__Task instructions__
Please give back exactly the line with "Flower Agate Oval" and each line after it through the end of the material, leaving out the pictures.

__Data provided__
BEGIN

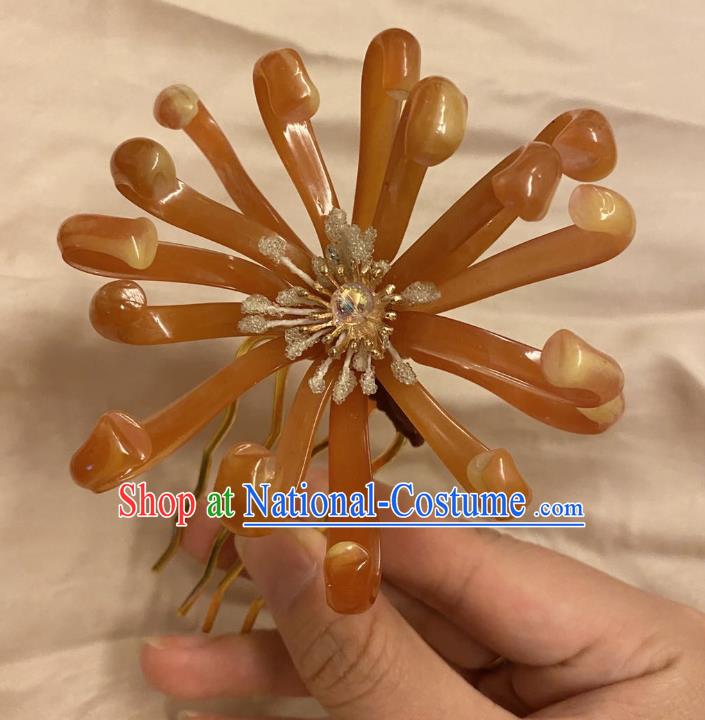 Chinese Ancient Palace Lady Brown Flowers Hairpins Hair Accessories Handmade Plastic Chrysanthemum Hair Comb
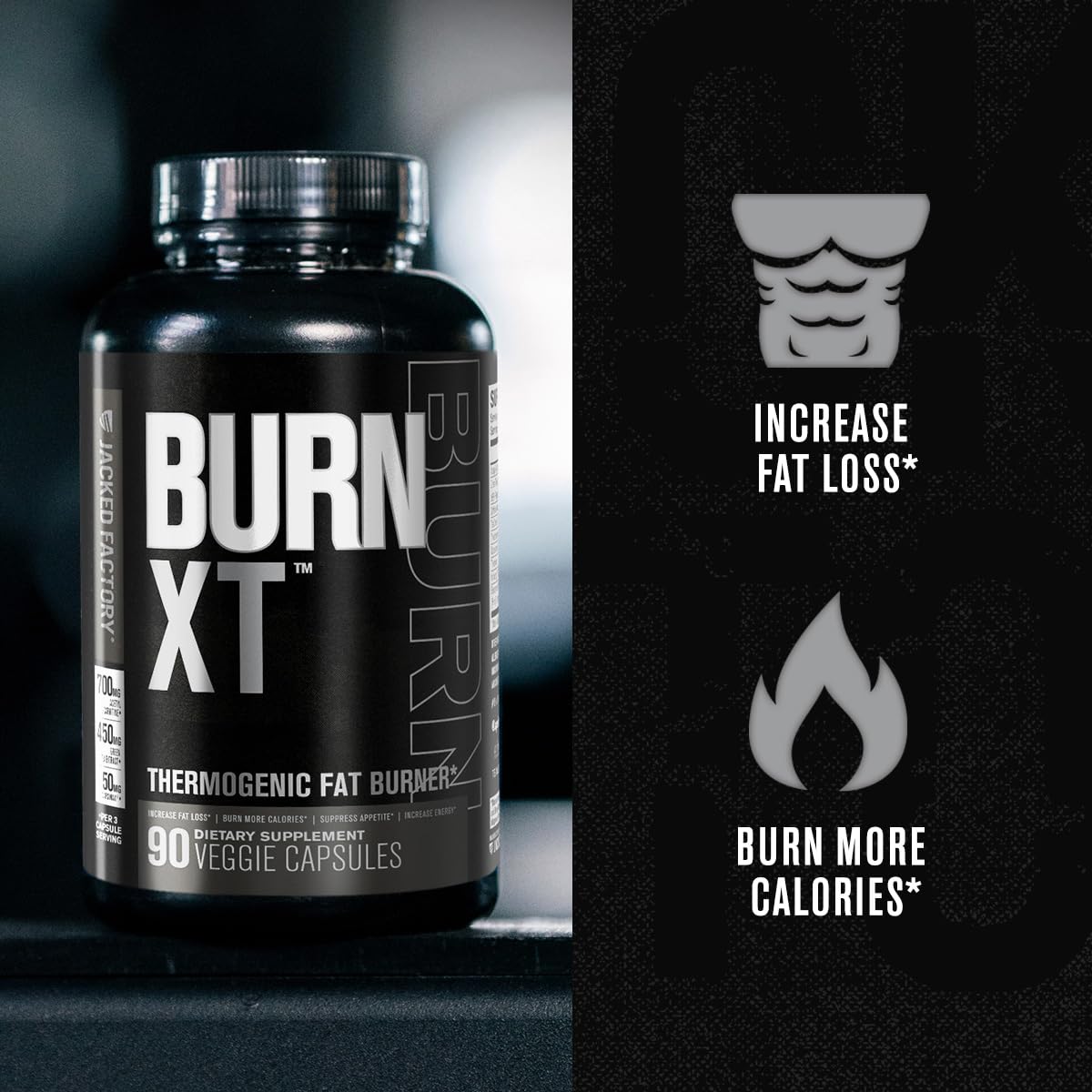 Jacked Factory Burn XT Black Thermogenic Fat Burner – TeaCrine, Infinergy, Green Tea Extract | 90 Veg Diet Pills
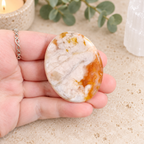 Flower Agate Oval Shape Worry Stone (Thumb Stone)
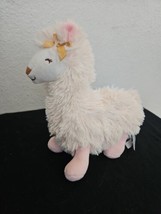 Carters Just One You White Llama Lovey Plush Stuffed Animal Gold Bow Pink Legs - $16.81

END

__Final answer__
 Flower Agate Oval Shape Worry Stone (Thumb Stone)
 Carters Just One You White Llama Lovey Plush Stuffed Animal Gold Bow Pink Legs - $16.81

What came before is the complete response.